# Task details
Would you please repeat, word for word, only the lines from the one holding "Finally, let me" through the one holding "You know what" in the material below, without the pictures?

(Beginning of Data provided)

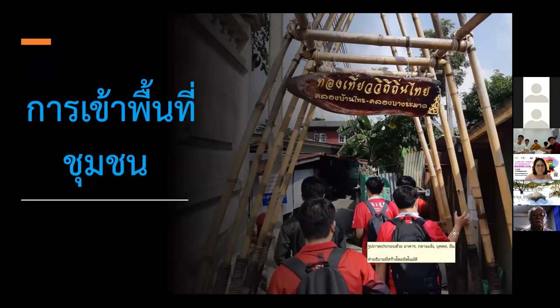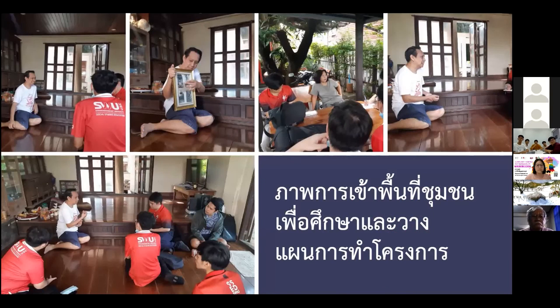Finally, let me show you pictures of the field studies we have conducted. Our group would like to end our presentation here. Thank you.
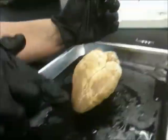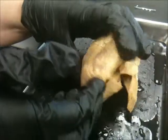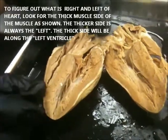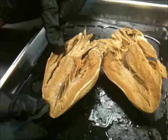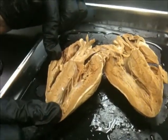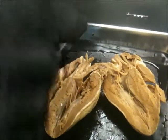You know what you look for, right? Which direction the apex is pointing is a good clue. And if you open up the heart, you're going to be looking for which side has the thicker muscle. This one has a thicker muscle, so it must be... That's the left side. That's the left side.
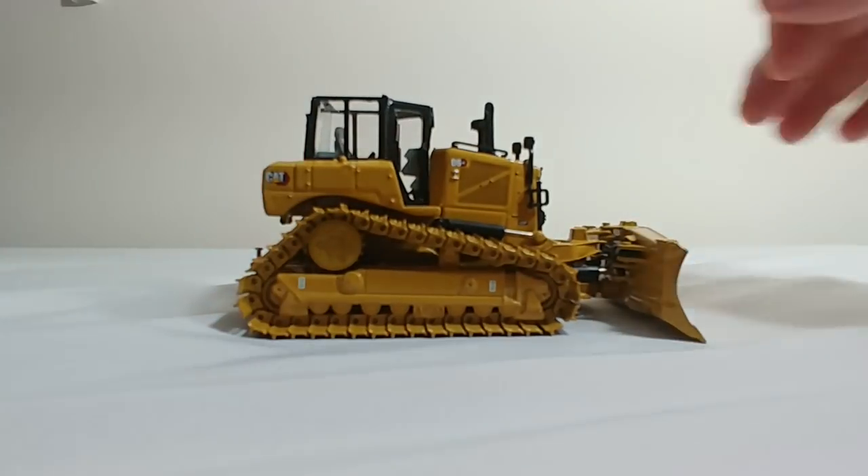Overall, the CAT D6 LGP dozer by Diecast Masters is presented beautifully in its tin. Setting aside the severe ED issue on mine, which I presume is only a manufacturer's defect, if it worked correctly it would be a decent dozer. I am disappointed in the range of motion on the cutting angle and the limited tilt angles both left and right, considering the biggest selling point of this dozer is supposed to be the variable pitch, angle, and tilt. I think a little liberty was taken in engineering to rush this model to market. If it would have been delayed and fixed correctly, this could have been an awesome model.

(End of Data provided)
(Beginning of Data provided)

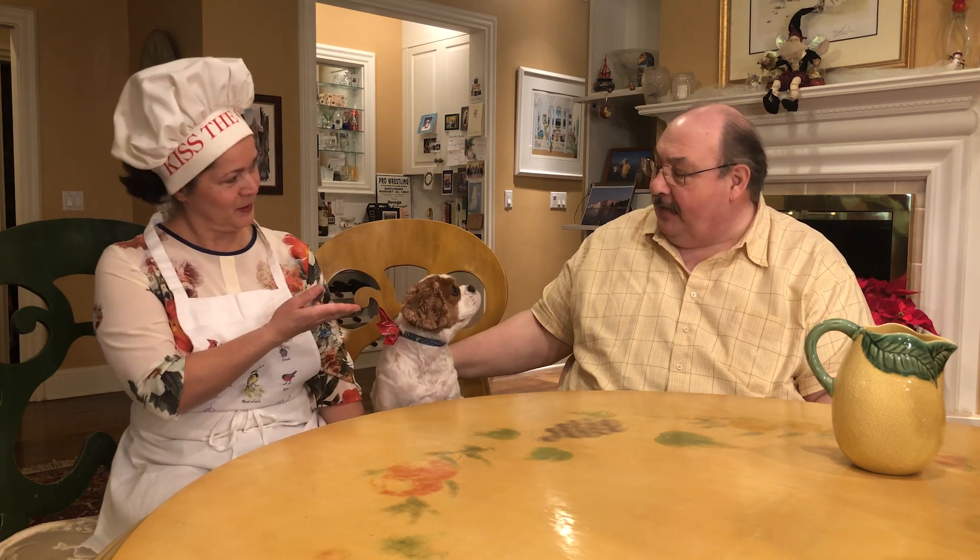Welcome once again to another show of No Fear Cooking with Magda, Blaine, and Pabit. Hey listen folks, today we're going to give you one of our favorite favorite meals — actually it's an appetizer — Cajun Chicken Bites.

(End of Data provided)

# Result of this task
Finally, let me show you pictures of the field studies we have conducted. Our group would like to end our presentation here. Thank you.
You know what you look for, right? Which direction the apex is pointing is a good clue. And if you open up the heart, you're going to be looking for which side has the thicker muscle. This one has a thicker muscle, so it must be... That's the left side. That's the left side.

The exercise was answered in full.